In recent decades,
American politics has been dominated, at least rhetorically, by a battle
over the size of government. But that is not what the next few decades
of our politics will be about. With the frontiers of the state roughly
fixed, the issues that will define our major debates will concern the
complexity of government, rather than its sheer scope.
With that complexity has also come
incoherence. Conservatives over the last few years have increasingly
worried that America is, in Friedrich Hayek's ominous terms, on the road
to serfdom. But this concern ascribes vastly greater purpose and design
to our approach to public policy than is truly warranted. If anything,
we have arrived at a form of government with no ideological
justification whatsoever.
The complexity and incoherence of our
government often make it difficult for us to understand just what that
government is doing, and among the practices it most frequently hides
from view is the growing tendency of public policy to redistribute
resources upward to the wealthy and the organized at the expense of the
poorer and less organized.

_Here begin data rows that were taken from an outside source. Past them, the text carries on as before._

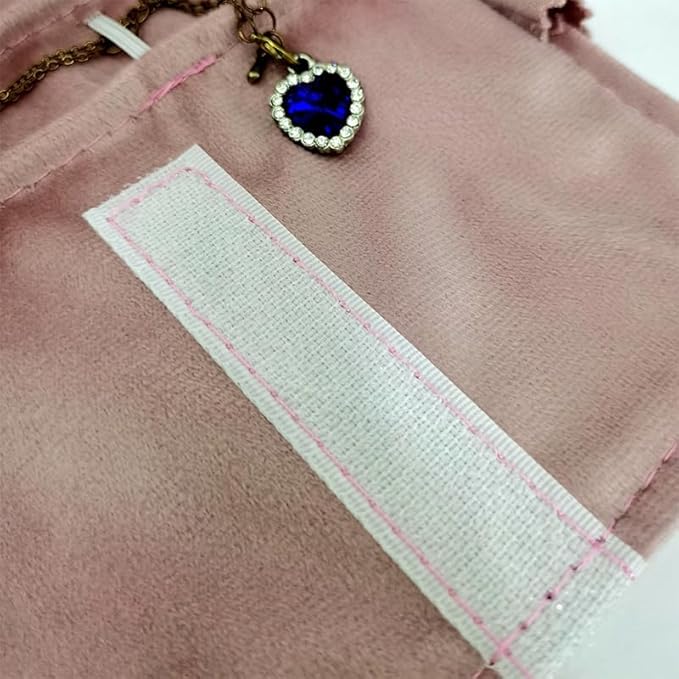 Portable Jewelry Roll Untangled Secure Necklace Travel Storage Bag Displays Holder 16 Chain (gray PU and pink)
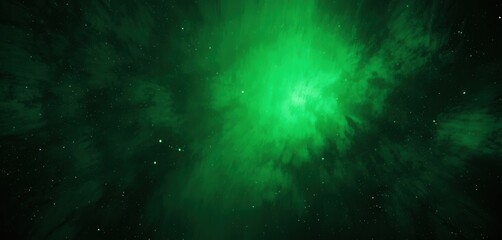 Fototapeta premium Luminous Green Nebula with Bright Stars in Cosmic Space Background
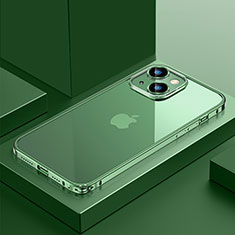 Schutzhülle Luxus Metall Rahmen und Kunststoff Schutzhülle Tasche QC4 für Apple iPhone 13 Grün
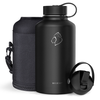 BUZIO Duet Series Insulated Water Bottle with Straw Lid and Flex Lid, Black 64oz - Black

As we increasingly notice the consequences of
that regressive redistribution, we will inevitably also come to pay
greater attention to the daunting and self-defeating complexity of
public policy across multiple, seemingly unrelated areas of American
life, and so will need to start thinking differently about government.
Understanding, describing, and addressing this
problem of complexity and incoherence is the next great American
political challenge. But you cannot come to terms with such a problem
until you can properly name it. While we can name the major questions
that divide our politics — liberalism or conservatism, big government or
small — we have no name for the dispute between complexity and
simplicity in government, which cuts across those more familiar
ideological divisions. For lack of a better alternative, the problem of
complexity might best be termed the challenge of "kludgeocracy."
A "kludge" is defined by the Oxford English
Dictionary as "an ill-assorted collection of parts assembled to fulfill a
particular purpose...a clumsy but temporarily effective solution to a
particular fault or problem." The term comes out of the world of
computer programming, where a kludge is an inelegant patch put in place
to solve an unexpected problem and designed to be backward-compatible
with the rest of an existing system. When you add up enough kludges, you
get a very complicated program that has no clear organizing principle,
is exceedingly difficult to understand, and is subject to crashes. Any
user of Microsoft Windows will immediately grasp the concept.